BEGIN Recorded information
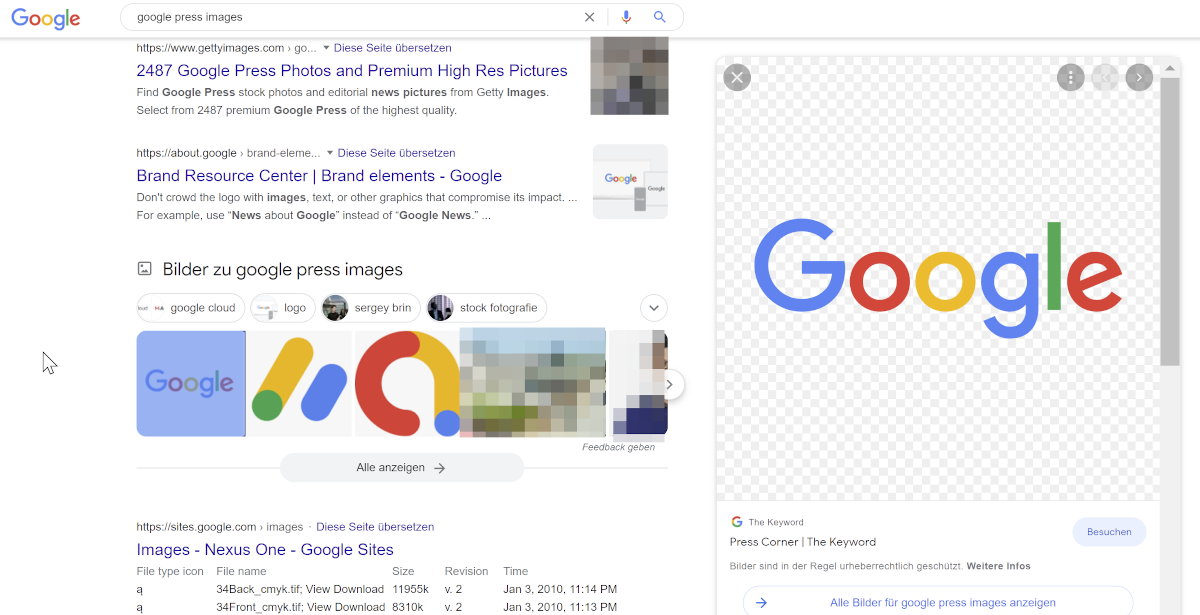Google: neue Image Preview auf der Suchergebnisseite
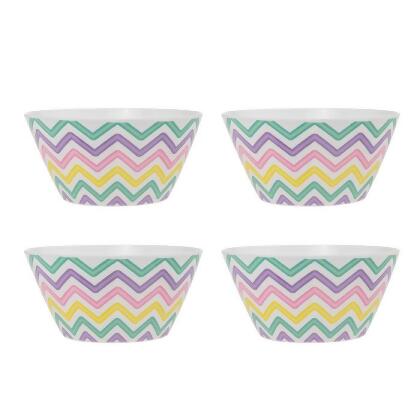 Godinger 12420 6 in. Zig Zag Melamine Cereal Bowl - Set of 4 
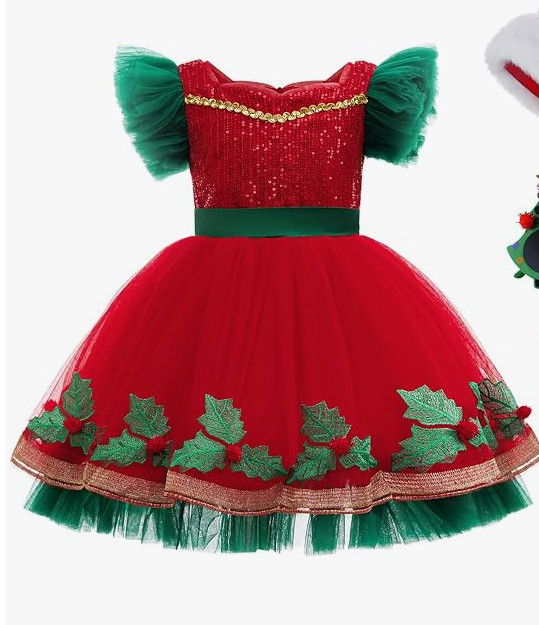 VPCAR Girls Christmas Dress ONLY TUTU Santa Suit Dress Kids Xmas Outfit 6-7YRS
END Recorded information
**Your goal**:
Only the lines from the one that holds "Godinger 12420 6" through the final line of the material should be reproduced, word for word, with the pictures omitted.

**Your solution**:
 Godinger 12420 6 in. Zig Zag Melamine Cereal Bowl - Set of 4 
 VPCAR Girls Christmas Dress ONLY TUTU Santa Suit Dress Kids Xmas Outfit 6-7YRS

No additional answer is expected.